DIRECTIONS: Pictures must not be copied, but every entry must be reproduced exactly.

Short web captions:
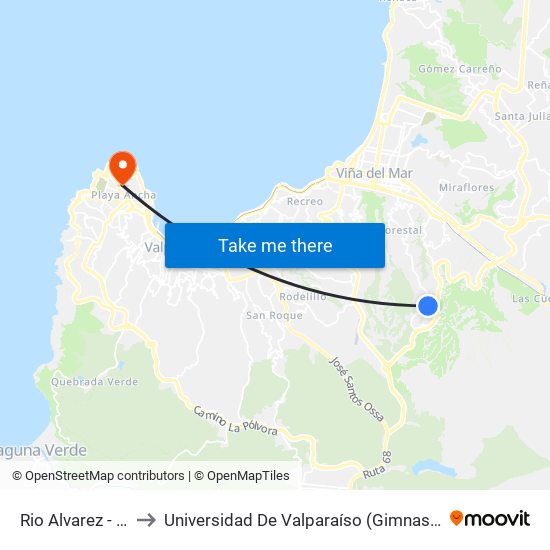 Rio Alvarez - Pje Uno to Universidad De Valparaíso (Gimnasio Polideportivo) map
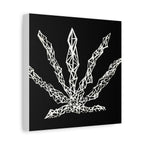 Geometric Cannabis Leaf -Matte Canvas Wall Art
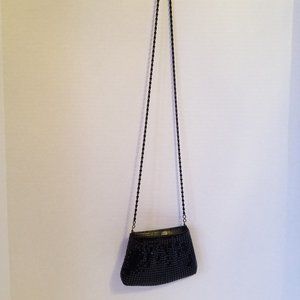 Vintage Black Evening Bag Purse Sequins Mesh Chain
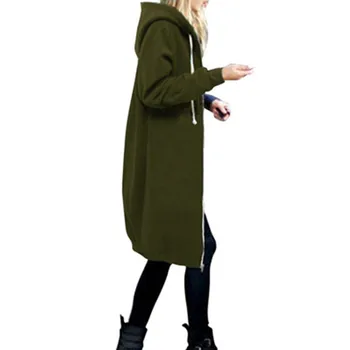 Nové 2020 Móda Jeseň Zimný Kabát Ženy s Kapucňou Bežné Dlhý Zips Bundy Mikiny Mikina Plus Veľkosť Outwear Kabát 5XL SS169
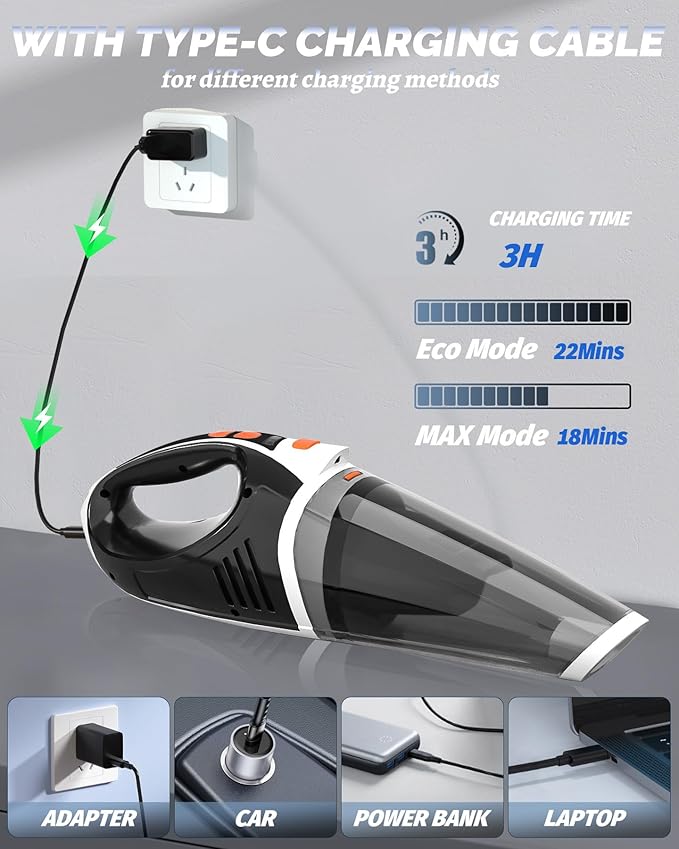 BRL Handheld Vacuum Cordless, Car Vacuum Cleaner with Powerful Suction, 2 Modes Mini Hand Vacuum, Dry & Wet, LED Light, Portable Vacuum for Car Pet Hair, Home, Office, Keyboards Black Orange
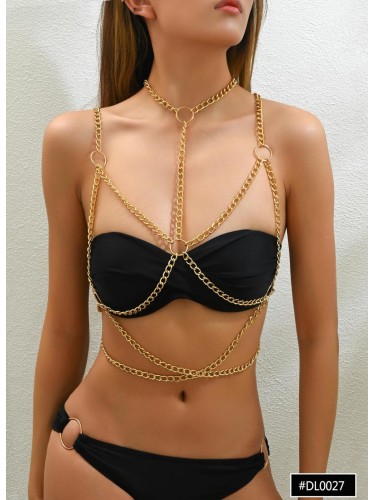 اكسسوار رقبة وصدر للنساء لون ذهبي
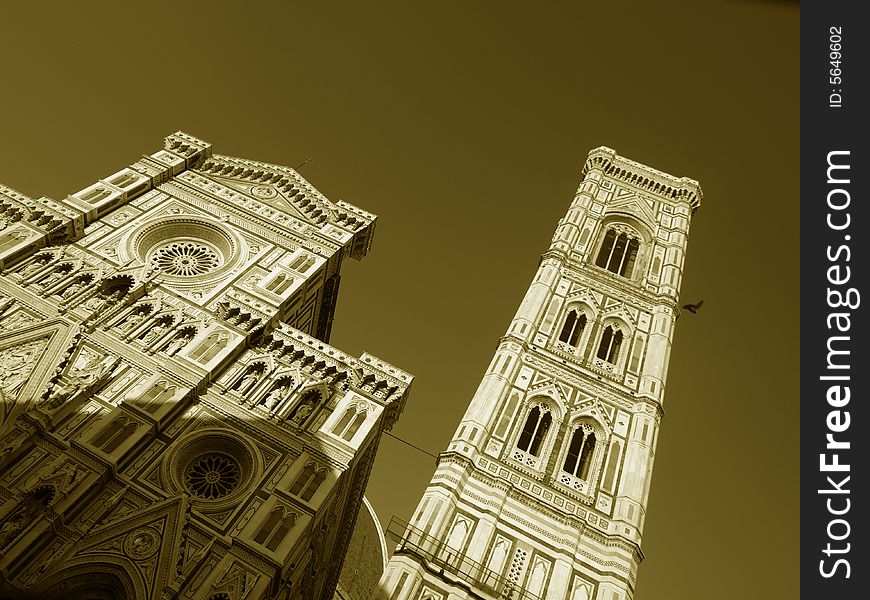 A suggestive monochrome of the Cathedral of Santa Maria del Fiore and Giotto's belltower in Florence. A suggestive monochrome of the Cathedral of Santa Maria del Fiore and Giotto's belltower in Florence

RESPONSE AREA:
 Rio Alvarez - Pje Uno to Universidad De Valparaíso (Gimnasio Polideportivo) map
 Geometric Cannabis Leaf -Matte Canvas Wall Art
 Vintage Black Evening Bag Purse Sequins Mesh Chain
 Nové 2020 Móda Jeseň Zimný Kabát Ženy s Kapucňou Bežné Dlhý Zips Bundy Mikiny Mikina Plus Veľkosť Outwear Kabát 5XL SS169
 BRL Handheld Vacuum Cordless, Car Vacuum Cleaner with Powerful Suction, 2 Modes Mini Hand Vacuum, Dry & Wet, LED Light, Portable Vacuum for Car Pet Hair, Home, Office, Keyboards Black Orange
 اكسسوار رقبة وصدر للنساء لون ذهبي
 A suggestive monochrome of the Cathedral of Santa Maria del Fiore and Giotto's belltower in Florence. A suggestive monochrome of the Cathedral of Santa Maria del Fiore and Giotto's belltower in Florence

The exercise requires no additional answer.